Our Nissan Altima has a top-of-the-line digital stereo Radio complete with digital tuning, 28 station pre-sets, and a built-in CD player. The car has eight speakers, and the sound is ‘pretty good.’ It should be ‘pretty good.’ It cost me an arm and a leg as an ‘extra cost’ option!
Even my little new used Hyundai has ‘pretty good’ stereo with its run-of-the-mill basic radio which came with the car.
However, living out here in the high desert, there are no radio stations to listen to, or at least I didn’t think there were. Neither my Altima nor my Hyundai got very many stations. Five or six at the most, and two of them were weak static-y signals.
But my son’s old used Oldsmobile has an ancient digital radio – one of the very first, I’m sure. It came with the car as original factory equipment. I know, because it says ‘Delco’ on the black face of the radio. Part of the display is not working, and it shows only the vertical parts of the numbers. There is the traditional big knob for the radio volume control, and another big knob on the other side for tuning. Between these, it has six fat buttons to select a preset radio station. None of these buttons seem to work, however.
I didn’t even think the radio worked at first. Nothing but static when I turned it on. From the driver’s seat, I looked over across the hood and saw the stub of an antenna, on the far side, so I didn’t think anything more about it.
Later, when I was washing the wagon, I noticed that the antenna wasn’t busted at all. It was just recessed into the fender. I looked inside the car for some switch to elevate it, but never found one. So I fished the antenna out of the socket with a pair of needle nosed pliers and elevated it, perhaps for the very first time ever.
Then I turned the radio on. Suddenly an AMAZING SOUND came out of this old, new used Oldsmobile! It was like being in a concert hall!
I guess because all the seats were down in the back, and because frankly, the car is the size of a concert hall inside, the sound was simply awesome. I heard notes I had forgotten about. There was clarity and brightness that I had not heard in music in a very long time!
What was up with this old technology?

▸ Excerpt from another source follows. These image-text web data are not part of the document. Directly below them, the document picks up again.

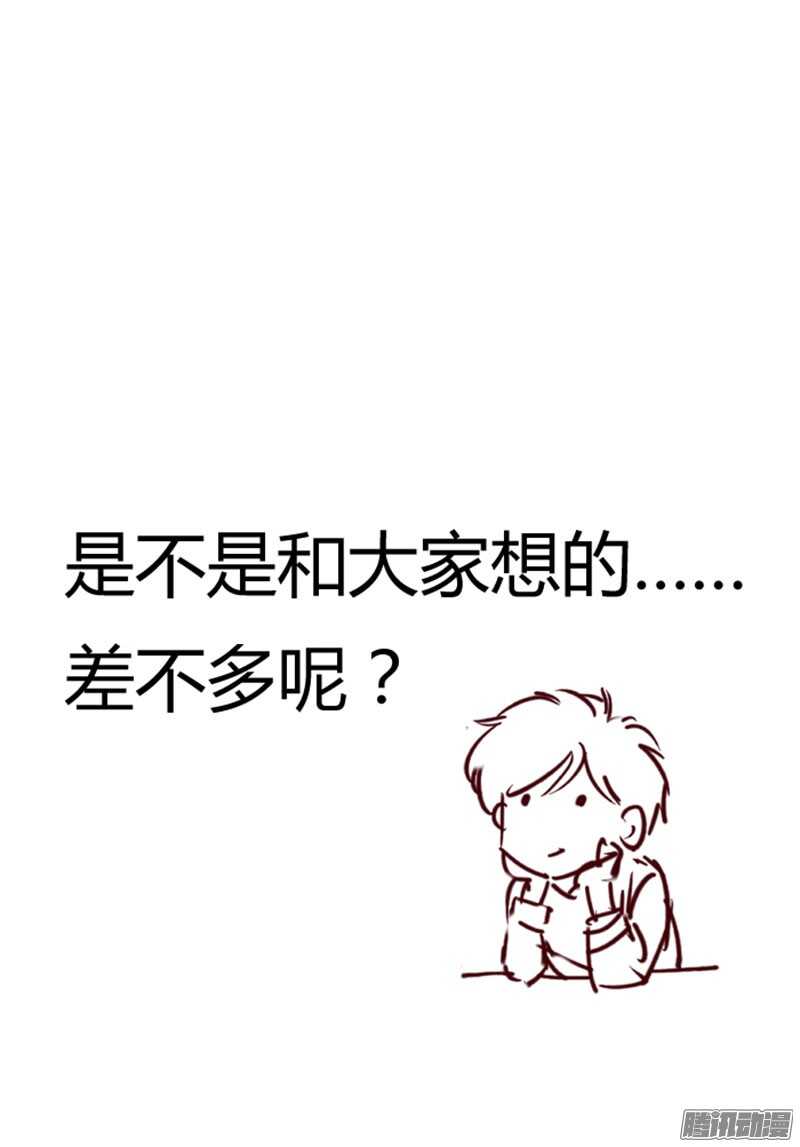 为什么拖稿？11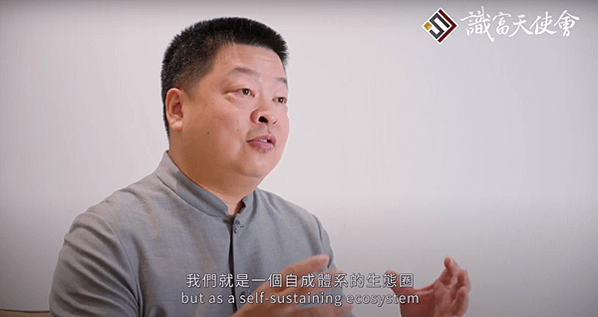 螢幕擷取畫面 2024-11-19 121247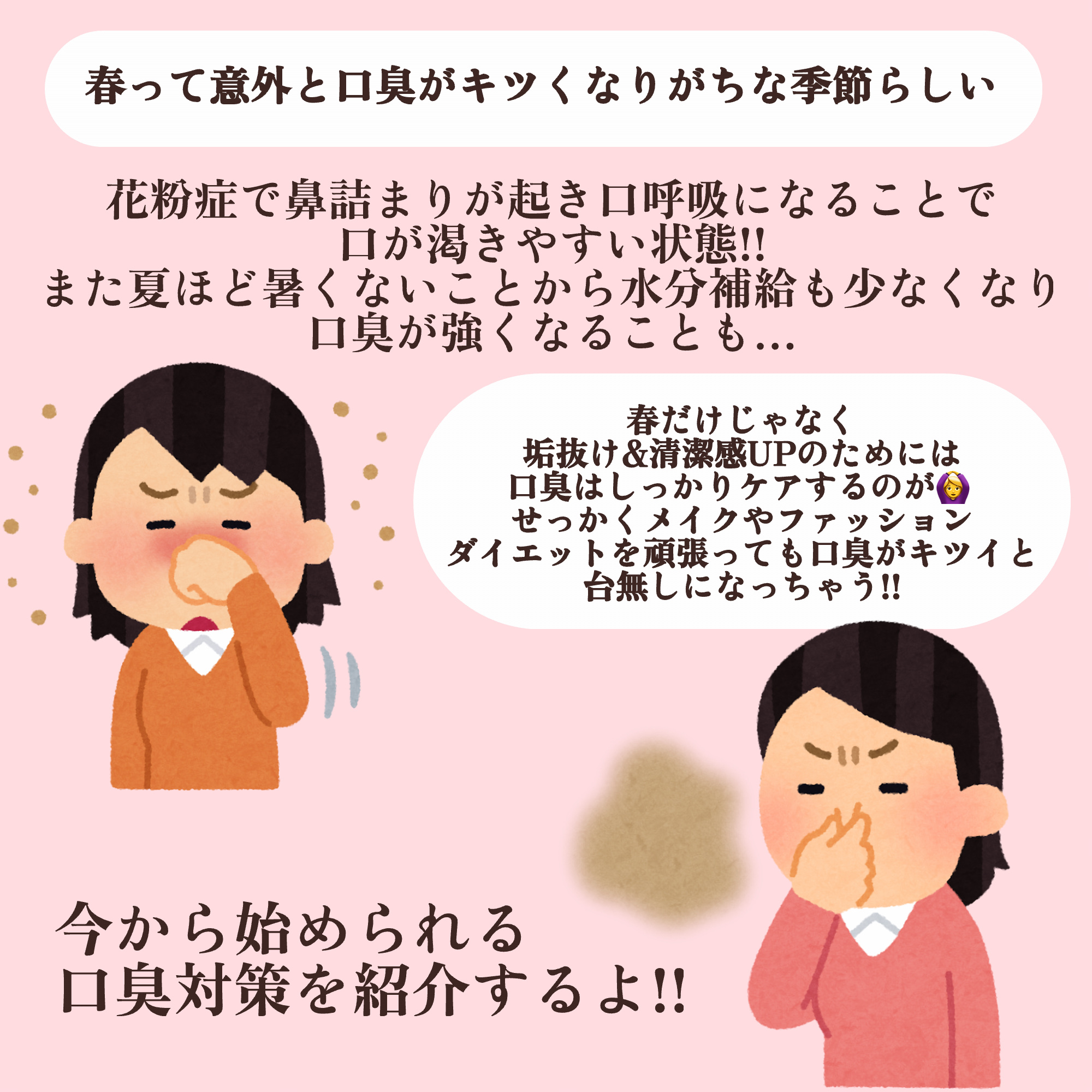 コンクールF/ウエルテック/マウスウォッシュ・スプレーを使ったクチコミ（2枚目）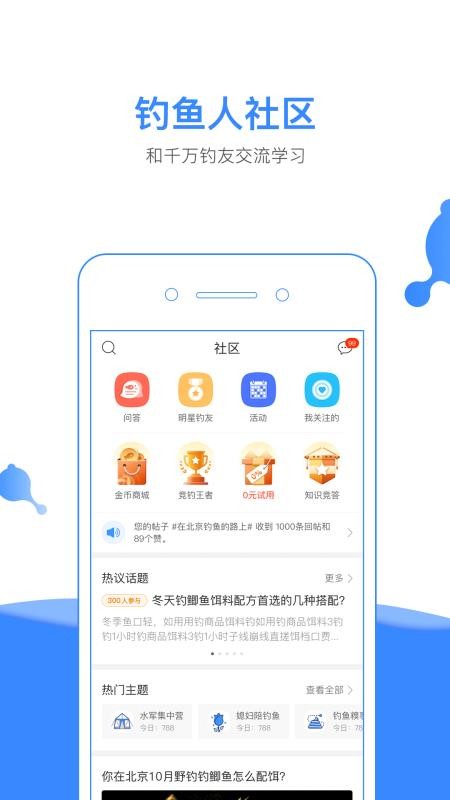 ֻapp- v3.4.21 ׿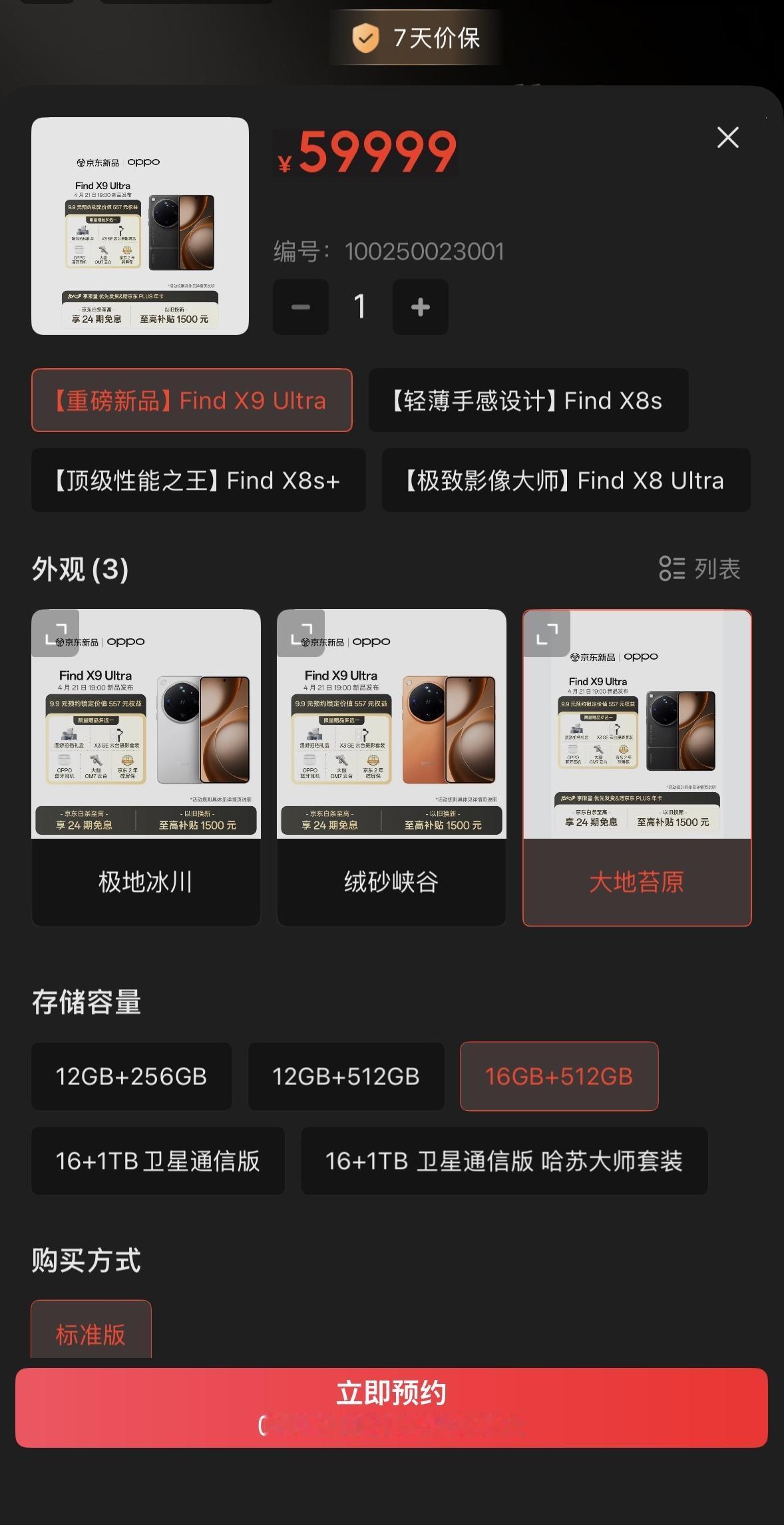 OPPOFindX9Ultra12GB+256GB12GB+512GB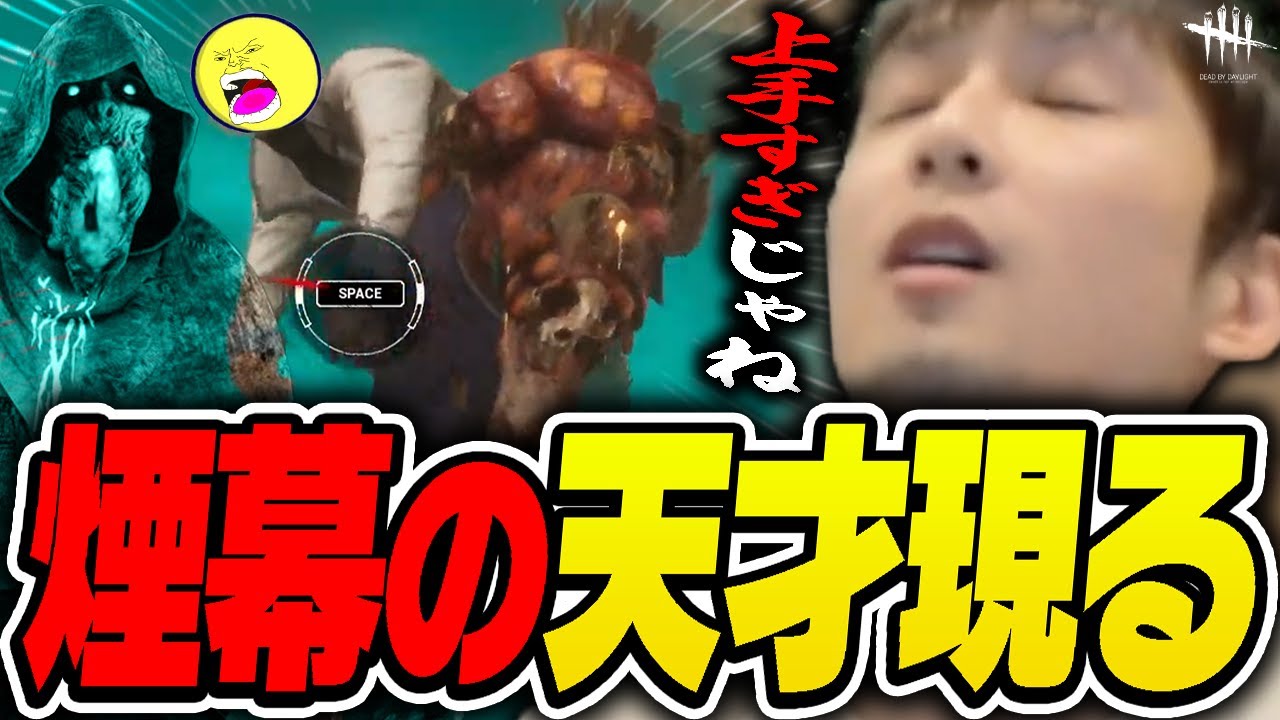 【DbD鯖】味方の使う煙幕が天才的過ぎた試合【あっさりしょこ/切り抜き】【2024/10/20】【ブライト/ハロウィンイベント】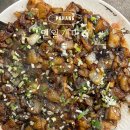 포항시남구53 | 포항 남구 맛집 연일 개미집, 포항 뽈불고기 로컬 식당 솔직 후기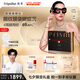 Tripollar【七夕禮物】初普美眼儀眼部大排燈美容儀黑眼圈眼紋眼袋眼暗沉眼霜家用儀器神器保價生日女士
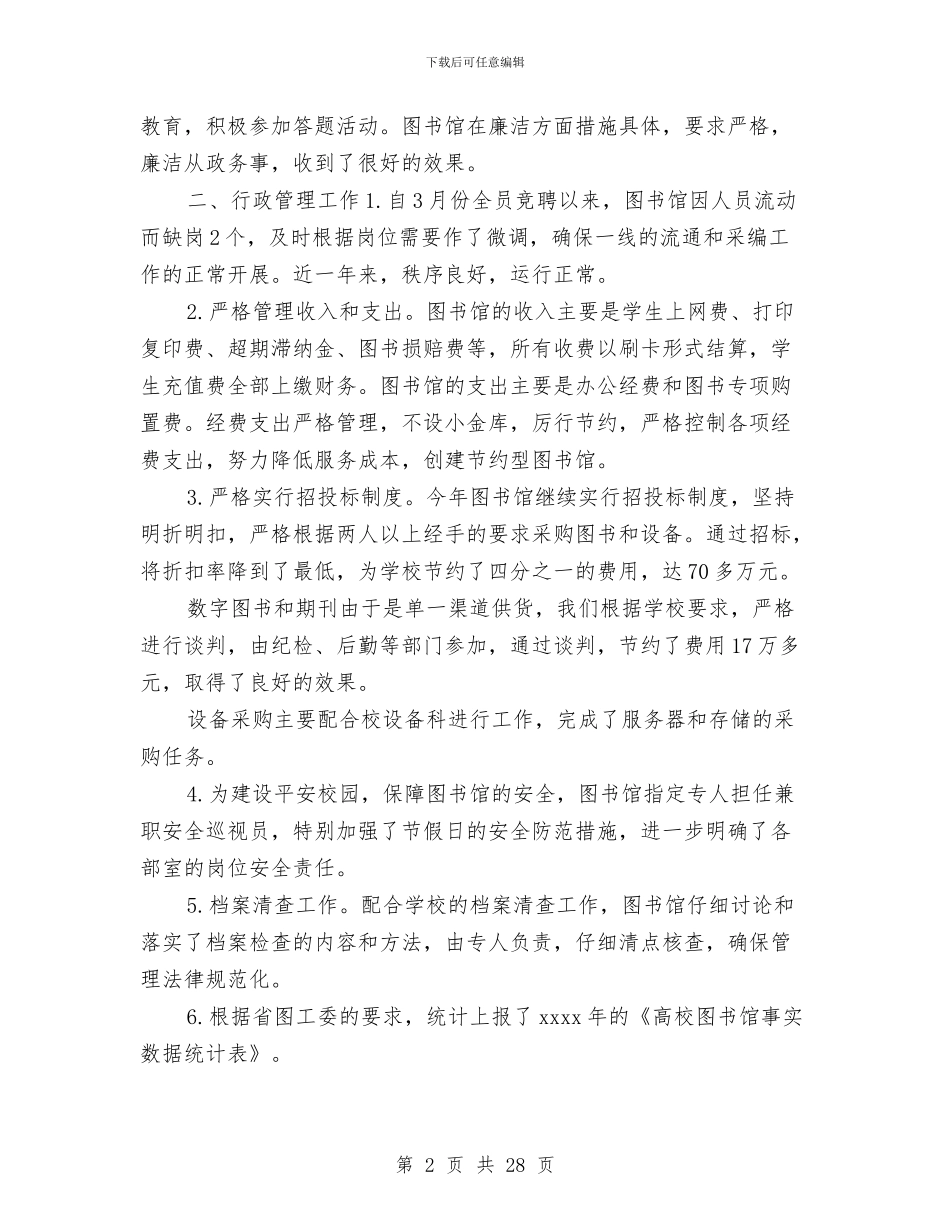 图书公司年度工作总结与图书技术安装工作总结汇编_第2页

Why couldn’t I get such sound from either of my new car’s radios? Why did this old car radio sound so much better than even my expensive surround sound stereo system in my den?
The speakers up front were in the dash, and not too big – four inchers, really. The speakers in the back were on each side of the massive rear door, and they were upright, facing the front of the car. They were also big! They looked like six by nine inch speakers. I checked. There are just four speakers. What gives here?
But the sound and the speakers were only part of the surprise. I couldn’t change stations with the dead buttons, but turning the tuning knob just a click made the radio search for the next station. Did I say before that there were only a few stations that could be picked up here
in this desert town? I must have found thirty or more clear stations on that dumb old radio! All of them were clear and static free., even if a station was hundreds of miles away. Amazing!
How is it that we have lost this technology today?
Why are our modern, expensive and digital radios so wimpy compared to this old 1986 Oldsmobile radio? Why is the sound so much better on the old rig? Why can I get so many more stations with the old radio, that I can’t even find on the new ones?
There has been some serious changes in Radioland here folks, and all of us are the losers because of it. Makes me want to kick my Altima!
Oh, you can believe that my wife and I take advantage of this!
Weekends, we travel in our Oldsmobile. Forget about the cost of gas. Living is cheap here in the desert anyway. We travel to the sweet sounds of Dvorak, Mozart and the Eagles. We listen to Sarah Brightman, Bond, and Jefferson Starship. Maybe a few Travis Tritt and Shania Twain pieces too. Radioland is a new frontier to us, and one that’s fun to explore.
We travel in style, my friends! The Olsmobile ride is smooth and easy. The seats are soft and roomy. The A/C works just fine. The music is divine! Heck, we can even camp out overnight in the back if we want to.
Who knew the old stuff could be such fun?